Question

A given volume of a buffer solution contains `6.85 x 10^-3` mol of the weak acid HY and `2.98 x 10^-3` mol of the salt NaY. The pH of the buffer solution is 3.78. How do you calculate the value of `pKa` for the acid HY at this temperature?

Answer 1

Well, the buffer equation holds that.... `pH=pK_a+log_10{[[Y^-]]/[[HY]]}`...

...we finally get `pK_a=3.42...`

Explanation:

Now we were quoted molar quantities of the acid and its conjugate base....NOT concentrations...but given we have the quotient...`"concentration"="moles of solute"/"volume of solution"`...and in the buffer expression we get....

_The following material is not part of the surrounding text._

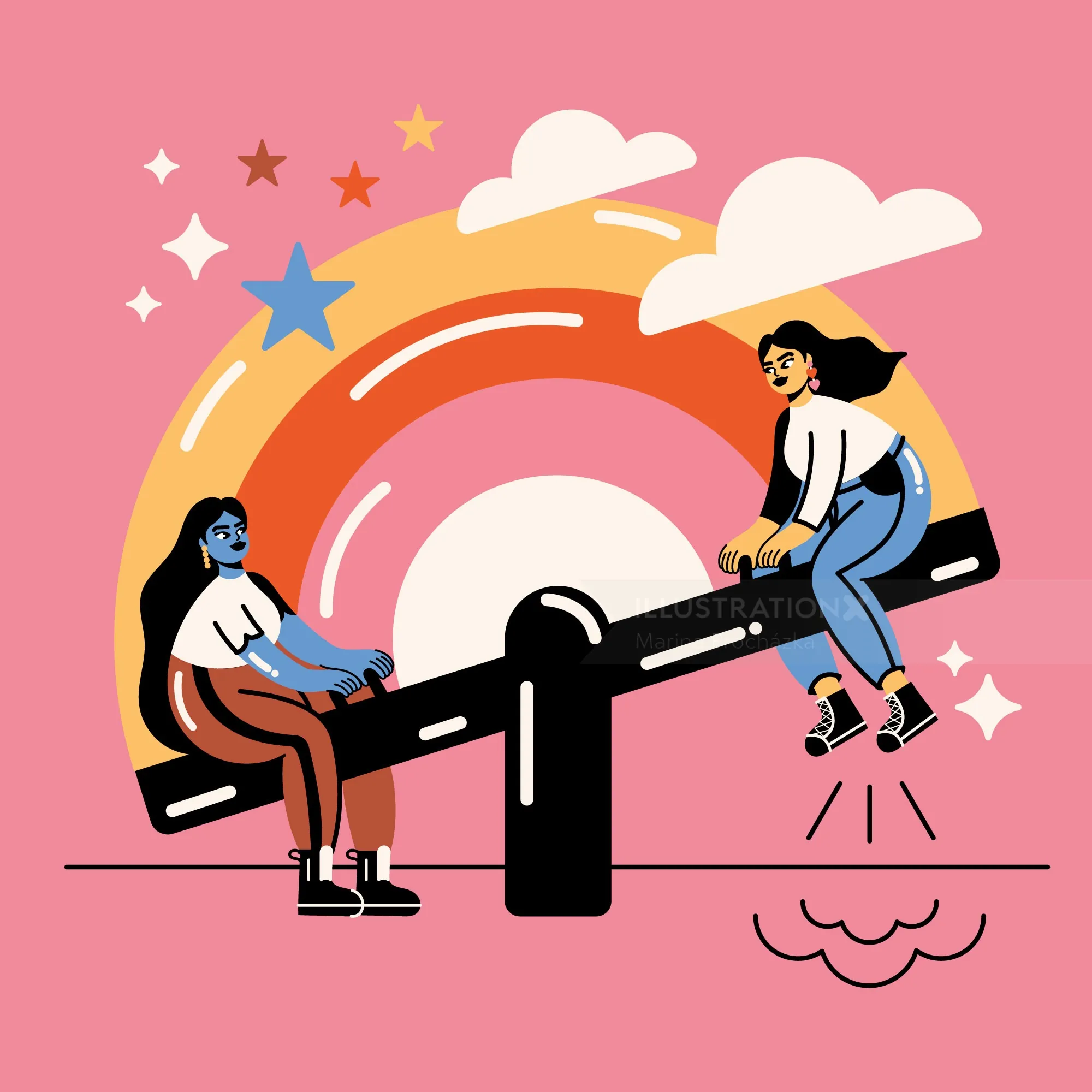 Two women playing on a seesaw with colorful sunset background by Marina Procházka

`log_10{((2.98.xx10^-3*mol)/(cancel"some volume"))/((6.85xx10^-3*mol)/cancel("some volume"))}`...that is the volumes cancel out....so WE DO NOT NEED TO KNOW THE VOLUME....

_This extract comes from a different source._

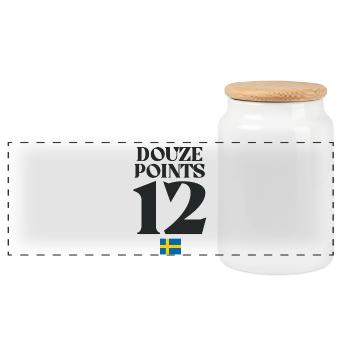 Zwölf Punkte Schweden Eurovision - Panorama Keksdose mit Holzdeckel - Weiß - Vorne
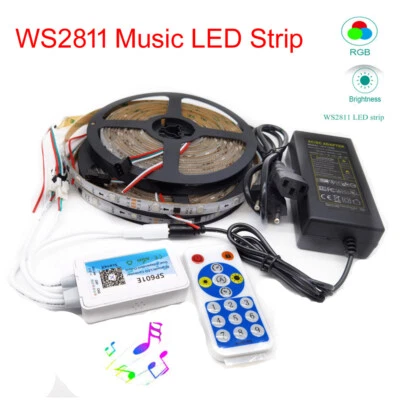 5M 10M SP601E RF Music Control Dream Color 12V WS2811 30LED/M RGB LED Strip kit - Image 1 of 4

And so we solve for `pK_a` in the buffer equation....

`pK_a=pH-log_10{(2.98xx10^-3*mol)/(6.85xx10^-3*mol)}`

`=3.78-underbrace(log_10{(2.98)/(6.85)})_"-0.361"=3.42`

`pH_"solution"` is more acidic than `pK_a` given that the parent acid is present in GREATER concentration.....to what would `pH` be equal if `[HY]-=[Y^-]`?